Ballyalban Fairy Fort

Ballyalban Fairy Fort

Wednesday 18 April 2012

Getting back on the bike

Is what it feels like - it's not as though I'd fallen off - but getting back into it is difficult.  It is partly because a lot of it is editing and I feel if I edit the first 4-5 chapters ever again it will only be with a gun at my head.  They now feel as flat as ink... but perhaps I should say "very smoothly written" and be nice about my writing.

This afternoon I was delighted to discover that having cut a whole darling chapter (the sojourn in France) it was necessary to create a miniaturised flashback version to get in the Amsterdam Sex Olympics and the somewhat sexist Jim Haynes (who is not mentioned by name) - he of the open dinner party fame... to illustrate how Lucy's ideas about open Brave New People fell a bit flat.  So that cheered me up.   Then Finn came home and we had long amicable discussions about homework, detentions, social class, his new English teacher etc.  I am a bit worried since Finn is behaving more responsibly etc. at home, but I fear he hasn't quite got his act together at school.  He does have a new friend who is "even more of a grammar fascist than me".   I was shocked at the this: Finn was notable for his "whatever" attitude to grammar a few months ago, I remember explaining the difference between There are and there is to him... he said I was being ridiculous and that no one cared about it.   I said that people might not care, but in the end if people didn't use proper grammar then no one would be able to understand each other - that there were already people I'd met who couldn't understand me because I spoke more accurate English and I couldn't really understand them because their language wasn't specific enough and contained too many possible meanings.  Obviously this discussion has gone in, and now he is priding himself on this.

This is of course the wrong blog for these observations, but I suppose it's language - it's part of my demesne, and obviously both Ned and Finn have benefited from having literate parents.  Finn is also becoming fascinated with the nuances of social class - interestingly has made a new friend (the grammar fascist) who he says is the most middle class boy in school...it's hard to tell really, so many of them talk down so as not to be noticed.  But I am delighted he has a new friend.
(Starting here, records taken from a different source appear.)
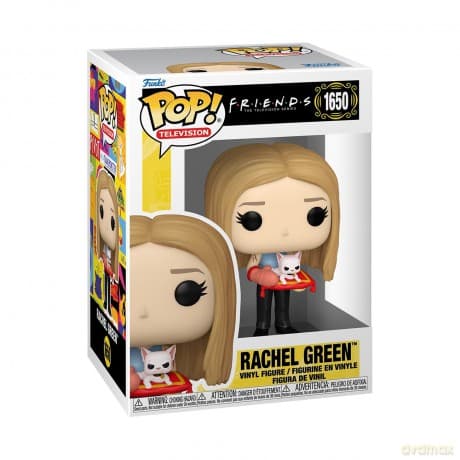 Funko - TV: Friends (Rachel Green) POP! Vinyl [FIGURKA]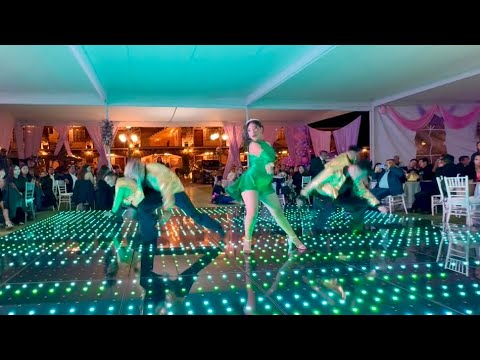 Mambo #8 - Pérez Prado l Coreografia para XV Años l Alexandra Dimina Studio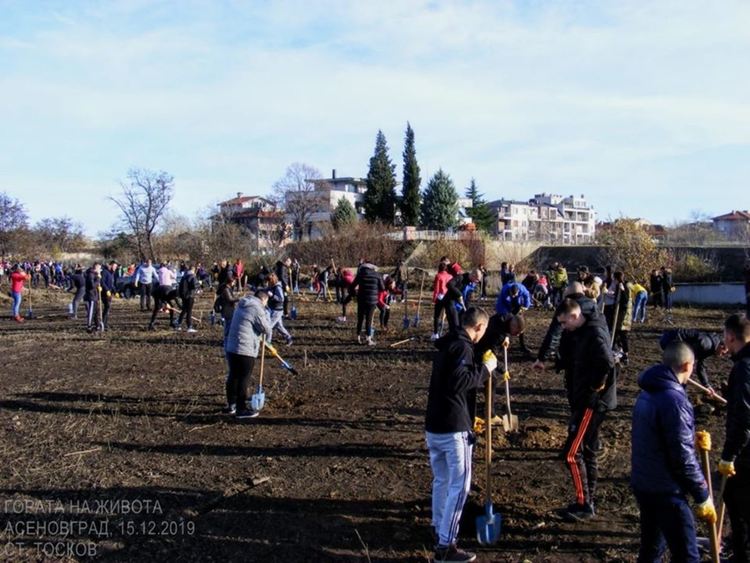 Снимка: Стойчо Тосков
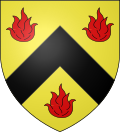 Coat of arms of Foulbec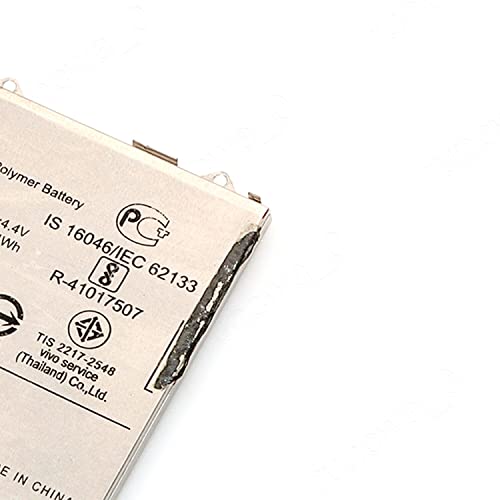 Image of THE BATTERY STORE Original replacment Battery for Vivo Nex S (B-E6) Battery with 6 Months warrenty and high Capacity Battery Backup (for VIVO B-E6)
Literature:  I actually wrote a bit first thing this morning - because when I woke up I found I had an idea about Conscience which was so useful.  I realised that John Ames, the protagonist in Gilead was roughly a contemporary of my character David... although MR has wisely avoided giving him any antiquated ideas.  Obviously David is a very different person, and younger, more volatile... but for whatever reason I started writing the fateful bedroom scene from Conscience - and found more ideas as I went along, so clearly leaving David and Kitty on the compost heap for a bit has softened them and they are now metamorphosing nicely.